Hamilton Mayor Dominic Farrenkopf said this week’s filming in downtown is a bit of a trial run to see how it works for local businesses and residents of Hamilton. City staff spent a good deal of time studying the issue before granting the permit, he said.
“They seem to be very interested in what Hamilton has to offer,” Farrenkopf said. “They are looking at using other parts of the city and locations in the valley. I think they’re going to be here for a while unless it’s not a good fit for the community.”
While Farrenkopf said he’s heard from some folks concerned about traffic and parking, others have said they appreciate the production company’s willingness to work with the community.
“I’ve heard more good than bad,” he said. “I think in general people are excited about having a television production happening here in our valley … In my opinion, they’ve made their best effort to be responsive to concerns that anyone has expressed.”

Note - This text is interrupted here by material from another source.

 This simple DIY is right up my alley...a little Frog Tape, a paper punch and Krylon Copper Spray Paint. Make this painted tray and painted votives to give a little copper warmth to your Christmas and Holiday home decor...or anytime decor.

A couple of years ago, the state presented Hamilton with a film-friendly award for work that it had done with other film production companies. Farrenkopf said he was interested in seeing where this all might lead.
“You never know what might spark the interest for the next thing,” he said. “It’s nice to have people interested in Hamilton and the Bitterroot. I feel like it’s a great place to live, work and visit. I’m just a welcoming person. I want everyone to be successful, whether it’s 'Yellowstone,' the Brewfest, or the farmer’s market. I don’t want anyone to fail.”